Among the lines below, keep only those from the one containing "جشن نور در میدان آزادی" through the one containing "Háčkované káčátko z", and reproduce them exactly.
Start of RECORDS FOR THE EXERCISE
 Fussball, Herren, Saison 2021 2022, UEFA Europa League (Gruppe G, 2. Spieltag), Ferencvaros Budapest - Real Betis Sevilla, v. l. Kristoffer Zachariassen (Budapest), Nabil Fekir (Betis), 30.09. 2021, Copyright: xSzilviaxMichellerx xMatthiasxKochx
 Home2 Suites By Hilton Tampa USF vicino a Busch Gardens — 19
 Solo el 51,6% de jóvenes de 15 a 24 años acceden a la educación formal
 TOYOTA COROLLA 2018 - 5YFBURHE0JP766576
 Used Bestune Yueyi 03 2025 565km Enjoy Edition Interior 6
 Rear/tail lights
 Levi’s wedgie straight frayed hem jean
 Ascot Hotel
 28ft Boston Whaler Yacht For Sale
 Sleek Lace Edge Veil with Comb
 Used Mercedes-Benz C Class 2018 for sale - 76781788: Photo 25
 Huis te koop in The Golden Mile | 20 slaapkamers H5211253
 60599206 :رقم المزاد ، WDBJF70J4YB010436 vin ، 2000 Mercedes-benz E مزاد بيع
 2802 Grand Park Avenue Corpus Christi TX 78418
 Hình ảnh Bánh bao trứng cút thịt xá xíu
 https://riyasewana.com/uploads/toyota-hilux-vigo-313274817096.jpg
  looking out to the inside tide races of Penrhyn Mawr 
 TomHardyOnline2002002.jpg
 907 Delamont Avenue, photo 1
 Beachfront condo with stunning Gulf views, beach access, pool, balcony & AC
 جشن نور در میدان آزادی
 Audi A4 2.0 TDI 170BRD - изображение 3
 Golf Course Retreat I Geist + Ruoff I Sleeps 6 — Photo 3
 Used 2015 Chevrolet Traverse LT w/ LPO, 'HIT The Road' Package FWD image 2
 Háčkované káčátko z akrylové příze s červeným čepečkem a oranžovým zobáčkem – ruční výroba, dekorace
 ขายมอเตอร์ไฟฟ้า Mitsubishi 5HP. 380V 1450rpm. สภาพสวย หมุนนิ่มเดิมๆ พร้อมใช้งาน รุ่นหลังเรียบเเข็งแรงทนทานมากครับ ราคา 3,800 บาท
End of RECORDS FOR THE EXERCISE
- _EXERCISE SOLUTION_
 جشن نور در میدان آزادی
 Audi A4 2.0 TDI 170BRD - изображение 3
 Golf Course Retreat I Geist + Ruoff I Sleeps 6 — Photo 3
 Used 2015 Chevrolet Traverse LT w/ LPO, 'HIT The Road' Package FWD image 2
 Háčkované káčátko z akrylové příze s červeným čepečkem a oranžovým zobáčkem – ruční výroba, dekorace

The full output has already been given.